In an effort to learn more about how ancient land-dwelling creatures used to walk, researchers have teamed up to create a lizard-like robot based on fossils around 280 million years old.
A team of paleontologists, engineers and computer scientists have created a robotic Orobates pabsti, a prehistoric creature that crept along the forest floors some 280 millions ago. The creature is also known as a ‘stem amniote’, an offshoot of plant-eating land vertebrates or tetrapods, reported CNET.
The creature evolved to become today’s reptiles, mammals and birds, hence it was chosen to show more how creatures came to move across land and how the diversity of life we can see today came to be.
With the help of ancient fossilized footprints and a complete four-legged skeleton for examining, the team did computer modeling to understand the rhythm of the creature’s movements. Also, researchers used X-ray visions of modern day animals like iguanas, skinks, and caimans walking for creating animations.

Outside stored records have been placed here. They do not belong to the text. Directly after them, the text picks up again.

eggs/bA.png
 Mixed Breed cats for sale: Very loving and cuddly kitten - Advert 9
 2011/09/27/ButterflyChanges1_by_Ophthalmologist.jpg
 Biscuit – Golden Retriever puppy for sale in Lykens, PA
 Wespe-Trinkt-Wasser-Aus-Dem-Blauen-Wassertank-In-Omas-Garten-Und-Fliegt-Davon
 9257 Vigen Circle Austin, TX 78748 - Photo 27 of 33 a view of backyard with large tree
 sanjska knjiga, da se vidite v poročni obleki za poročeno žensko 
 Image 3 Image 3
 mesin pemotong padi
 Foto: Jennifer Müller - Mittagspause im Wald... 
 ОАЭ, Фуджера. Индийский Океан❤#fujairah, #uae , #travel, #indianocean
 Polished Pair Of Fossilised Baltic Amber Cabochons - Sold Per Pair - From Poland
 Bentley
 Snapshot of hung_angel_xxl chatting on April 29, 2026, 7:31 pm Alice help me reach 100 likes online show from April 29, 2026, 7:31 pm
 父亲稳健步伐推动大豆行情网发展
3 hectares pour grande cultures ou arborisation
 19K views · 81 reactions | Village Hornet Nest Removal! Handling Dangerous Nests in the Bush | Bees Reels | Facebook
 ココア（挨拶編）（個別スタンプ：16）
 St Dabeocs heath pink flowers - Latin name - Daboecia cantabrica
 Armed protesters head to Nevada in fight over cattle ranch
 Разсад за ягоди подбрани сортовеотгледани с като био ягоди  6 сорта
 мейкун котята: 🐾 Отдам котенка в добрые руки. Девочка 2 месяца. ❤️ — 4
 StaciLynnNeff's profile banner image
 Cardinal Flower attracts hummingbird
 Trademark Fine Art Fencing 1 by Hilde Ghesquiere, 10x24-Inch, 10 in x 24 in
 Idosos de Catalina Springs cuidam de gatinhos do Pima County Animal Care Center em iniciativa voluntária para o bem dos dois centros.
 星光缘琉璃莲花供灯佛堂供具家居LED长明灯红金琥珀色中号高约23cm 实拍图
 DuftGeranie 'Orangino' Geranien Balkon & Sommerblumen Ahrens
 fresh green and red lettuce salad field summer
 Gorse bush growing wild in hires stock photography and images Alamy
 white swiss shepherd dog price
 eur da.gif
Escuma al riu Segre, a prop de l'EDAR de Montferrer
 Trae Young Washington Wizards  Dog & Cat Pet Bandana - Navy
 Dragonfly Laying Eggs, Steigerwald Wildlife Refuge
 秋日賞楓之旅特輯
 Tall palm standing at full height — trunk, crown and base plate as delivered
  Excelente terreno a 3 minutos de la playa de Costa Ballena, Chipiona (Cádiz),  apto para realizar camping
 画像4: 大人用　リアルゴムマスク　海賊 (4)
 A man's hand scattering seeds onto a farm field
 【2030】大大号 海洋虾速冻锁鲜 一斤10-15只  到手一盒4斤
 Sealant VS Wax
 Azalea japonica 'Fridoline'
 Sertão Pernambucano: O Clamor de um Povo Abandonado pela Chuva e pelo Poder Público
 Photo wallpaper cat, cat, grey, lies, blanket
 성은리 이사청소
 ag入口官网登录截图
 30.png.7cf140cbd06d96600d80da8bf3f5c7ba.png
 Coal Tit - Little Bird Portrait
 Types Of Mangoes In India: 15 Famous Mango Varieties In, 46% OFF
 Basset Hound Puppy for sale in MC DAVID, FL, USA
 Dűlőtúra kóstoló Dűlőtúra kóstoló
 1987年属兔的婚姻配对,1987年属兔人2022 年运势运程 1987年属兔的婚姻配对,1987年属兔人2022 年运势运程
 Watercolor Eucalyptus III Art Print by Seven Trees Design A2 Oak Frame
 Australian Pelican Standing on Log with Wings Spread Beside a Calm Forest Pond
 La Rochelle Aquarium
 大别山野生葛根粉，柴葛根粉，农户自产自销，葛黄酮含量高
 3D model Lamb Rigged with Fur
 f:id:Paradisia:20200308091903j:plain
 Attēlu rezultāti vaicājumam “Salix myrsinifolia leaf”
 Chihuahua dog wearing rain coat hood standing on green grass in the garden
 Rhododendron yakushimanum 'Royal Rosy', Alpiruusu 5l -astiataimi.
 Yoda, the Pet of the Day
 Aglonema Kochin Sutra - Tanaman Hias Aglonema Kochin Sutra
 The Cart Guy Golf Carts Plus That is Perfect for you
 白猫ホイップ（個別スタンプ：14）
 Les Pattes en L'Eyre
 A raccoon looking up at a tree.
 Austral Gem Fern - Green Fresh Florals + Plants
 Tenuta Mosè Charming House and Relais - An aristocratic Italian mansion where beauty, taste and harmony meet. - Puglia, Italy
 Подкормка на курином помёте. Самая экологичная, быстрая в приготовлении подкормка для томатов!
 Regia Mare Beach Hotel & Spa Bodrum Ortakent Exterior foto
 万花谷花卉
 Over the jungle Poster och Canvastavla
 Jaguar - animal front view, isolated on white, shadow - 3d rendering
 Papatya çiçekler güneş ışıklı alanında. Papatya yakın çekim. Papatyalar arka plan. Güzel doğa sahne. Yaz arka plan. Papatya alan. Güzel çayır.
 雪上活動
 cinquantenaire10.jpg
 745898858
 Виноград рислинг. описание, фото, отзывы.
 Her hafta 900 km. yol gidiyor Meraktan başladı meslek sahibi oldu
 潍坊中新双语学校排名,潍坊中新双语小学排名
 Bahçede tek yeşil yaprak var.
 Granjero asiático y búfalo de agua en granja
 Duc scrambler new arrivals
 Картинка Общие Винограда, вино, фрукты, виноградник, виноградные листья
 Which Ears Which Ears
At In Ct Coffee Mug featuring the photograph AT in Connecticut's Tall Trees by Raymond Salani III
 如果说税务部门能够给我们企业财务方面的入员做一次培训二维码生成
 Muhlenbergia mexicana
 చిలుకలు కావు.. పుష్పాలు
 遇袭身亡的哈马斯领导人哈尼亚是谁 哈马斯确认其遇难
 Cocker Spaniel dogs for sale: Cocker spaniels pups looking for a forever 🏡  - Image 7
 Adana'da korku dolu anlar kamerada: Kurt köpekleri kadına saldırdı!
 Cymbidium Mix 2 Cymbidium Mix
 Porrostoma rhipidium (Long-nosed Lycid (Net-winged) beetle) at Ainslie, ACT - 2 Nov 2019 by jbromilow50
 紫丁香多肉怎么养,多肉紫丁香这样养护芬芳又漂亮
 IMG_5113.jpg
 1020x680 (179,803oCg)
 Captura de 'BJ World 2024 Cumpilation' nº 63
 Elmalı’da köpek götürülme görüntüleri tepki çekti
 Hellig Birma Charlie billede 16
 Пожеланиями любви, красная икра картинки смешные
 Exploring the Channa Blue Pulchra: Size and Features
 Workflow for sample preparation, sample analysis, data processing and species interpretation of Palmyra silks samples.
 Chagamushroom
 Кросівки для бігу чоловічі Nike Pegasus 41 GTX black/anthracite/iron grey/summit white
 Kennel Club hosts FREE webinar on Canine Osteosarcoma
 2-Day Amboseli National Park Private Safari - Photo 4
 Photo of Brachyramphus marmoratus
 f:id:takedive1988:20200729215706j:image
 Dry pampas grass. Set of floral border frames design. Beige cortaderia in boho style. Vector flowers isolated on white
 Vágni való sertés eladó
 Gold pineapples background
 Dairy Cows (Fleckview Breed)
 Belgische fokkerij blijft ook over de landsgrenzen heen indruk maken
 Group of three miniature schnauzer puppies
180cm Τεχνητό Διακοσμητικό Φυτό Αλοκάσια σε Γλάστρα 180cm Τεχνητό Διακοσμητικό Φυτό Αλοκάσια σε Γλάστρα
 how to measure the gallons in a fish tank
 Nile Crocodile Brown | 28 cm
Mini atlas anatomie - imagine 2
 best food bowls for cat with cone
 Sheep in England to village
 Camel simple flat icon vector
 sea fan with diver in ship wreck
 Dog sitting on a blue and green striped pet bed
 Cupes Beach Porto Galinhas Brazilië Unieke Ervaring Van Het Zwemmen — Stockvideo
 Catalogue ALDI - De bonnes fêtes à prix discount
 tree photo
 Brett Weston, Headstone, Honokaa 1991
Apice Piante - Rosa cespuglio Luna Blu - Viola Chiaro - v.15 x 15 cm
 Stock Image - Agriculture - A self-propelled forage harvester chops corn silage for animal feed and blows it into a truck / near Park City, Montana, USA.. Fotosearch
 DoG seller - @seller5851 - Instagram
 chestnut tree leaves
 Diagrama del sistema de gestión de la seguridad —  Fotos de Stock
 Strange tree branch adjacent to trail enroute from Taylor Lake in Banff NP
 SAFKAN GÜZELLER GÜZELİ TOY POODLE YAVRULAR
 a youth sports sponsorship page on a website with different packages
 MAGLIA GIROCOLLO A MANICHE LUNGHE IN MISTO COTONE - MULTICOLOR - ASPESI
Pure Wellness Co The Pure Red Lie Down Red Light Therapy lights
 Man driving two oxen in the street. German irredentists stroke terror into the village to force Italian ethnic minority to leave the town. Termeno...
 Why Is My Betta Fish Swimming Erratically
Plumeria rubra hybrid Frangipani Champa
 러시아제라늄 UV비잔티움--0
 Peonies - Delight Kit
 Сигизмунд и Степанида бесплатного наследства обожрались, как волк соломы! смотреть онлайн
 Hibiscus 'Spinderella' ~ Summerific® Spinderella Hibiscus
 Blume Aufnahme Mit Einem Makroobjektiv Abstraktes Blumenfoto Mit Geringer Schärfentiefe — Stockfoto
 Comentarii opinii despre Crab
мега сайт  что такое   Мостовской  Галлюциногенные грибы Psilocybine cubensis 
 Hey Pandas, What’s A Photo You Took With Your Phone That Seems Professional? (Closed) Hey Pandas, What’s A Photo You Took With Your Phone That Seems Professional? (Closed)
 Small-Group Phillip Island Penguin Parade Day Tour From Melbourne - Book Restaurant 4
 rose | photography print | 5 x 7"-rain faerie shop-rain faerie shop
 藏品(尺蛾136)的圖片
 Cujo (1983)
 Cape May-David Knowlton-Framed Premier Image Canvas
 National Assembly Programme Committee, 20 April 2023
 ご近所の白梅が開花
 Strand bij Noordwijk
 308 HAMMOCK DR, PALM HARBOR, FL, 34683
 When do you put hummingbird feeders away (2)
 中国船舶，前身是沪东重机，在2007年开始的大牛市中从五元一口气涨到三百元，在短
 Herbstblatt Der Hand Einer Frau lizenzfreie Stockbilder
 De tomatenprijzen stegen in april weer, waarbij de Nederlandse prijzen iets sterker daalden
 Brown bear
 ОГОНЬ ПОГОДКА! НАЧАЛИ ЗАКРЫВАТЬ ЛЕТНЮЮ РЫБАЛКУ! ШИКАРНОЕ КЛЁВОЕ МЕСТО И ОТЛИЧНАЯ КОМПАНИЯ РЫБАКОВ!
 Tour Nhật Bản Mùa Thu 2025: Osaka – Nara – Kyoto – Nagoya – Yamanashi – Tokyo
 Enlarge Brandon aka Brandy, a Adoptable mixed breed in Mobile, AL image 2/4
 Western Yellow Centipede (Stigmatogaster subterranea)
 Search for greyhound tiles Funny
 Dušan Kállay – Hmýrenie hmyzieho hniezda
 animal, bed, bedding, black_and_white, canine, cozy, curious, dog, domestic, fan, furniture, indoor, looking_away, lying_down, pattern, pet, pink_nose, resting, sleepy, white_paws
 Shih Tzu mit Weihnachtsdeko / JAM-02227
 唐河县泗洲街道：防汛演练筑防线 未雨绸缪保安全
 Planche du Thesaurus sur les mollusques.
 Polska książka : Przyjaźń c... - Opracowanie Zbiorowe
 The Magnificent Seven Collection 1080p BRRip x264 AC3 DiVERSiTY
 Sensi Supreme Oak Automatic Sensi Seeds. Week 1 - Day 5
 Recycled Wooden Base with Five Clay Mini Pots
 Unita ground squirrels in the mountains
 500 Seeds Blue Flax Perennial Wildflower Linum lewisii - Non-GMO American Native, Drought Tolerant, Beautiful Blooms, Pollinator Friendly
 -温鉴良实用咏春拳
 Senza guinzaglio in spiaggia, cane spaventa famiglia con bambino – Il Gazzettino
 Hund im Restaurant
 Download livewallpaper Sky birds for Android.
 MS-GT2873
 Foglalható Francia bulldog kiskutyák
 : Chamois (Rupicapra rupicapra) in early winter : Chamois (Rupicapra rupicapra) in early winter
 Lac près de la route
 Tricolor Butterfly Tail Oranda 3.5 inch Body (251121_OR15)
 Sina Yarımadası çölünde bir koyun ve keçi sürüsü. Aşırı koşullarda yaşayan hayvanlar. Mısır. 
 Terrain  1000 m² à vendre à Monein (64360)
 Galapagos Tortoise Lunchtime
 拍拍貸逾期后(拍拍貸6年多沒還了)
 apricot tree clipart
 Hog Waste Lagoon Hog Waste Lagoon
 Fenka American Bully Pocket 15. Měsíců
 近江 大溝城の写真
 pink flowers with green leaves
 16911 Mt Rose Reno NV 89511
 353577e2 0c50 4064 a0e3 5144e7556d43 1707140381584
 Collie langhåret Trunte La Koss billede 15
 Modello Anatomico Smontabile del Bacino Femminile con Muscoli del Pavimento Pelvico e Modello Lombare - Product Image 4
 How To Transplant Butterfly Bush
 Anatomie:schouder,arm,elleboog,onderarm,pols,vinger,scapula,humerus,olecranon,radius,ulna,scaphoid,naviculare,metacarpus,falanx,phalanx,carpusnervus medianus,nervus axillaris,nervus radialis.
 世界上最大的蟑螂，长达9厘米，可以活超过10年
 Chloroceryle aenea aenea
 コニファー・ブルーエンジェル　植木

The researchers then built the OroBOT, a 4ft long robot version of Orobates, which can physically act out the movements their simulations predicted. With the help of 3D printed parts and 28 motors, the team actually brought back Orobates from the dead, though in robot form.
https://biorob2.epfl.ch/pages/Orobates_interactive/videos/hardware/221_raw_1.mp4
Combining all the data, the researchers concluded that Orobates – that lived before the dinosaurs – were more advanced at getting around than thought, as per the research published in the journal Nature.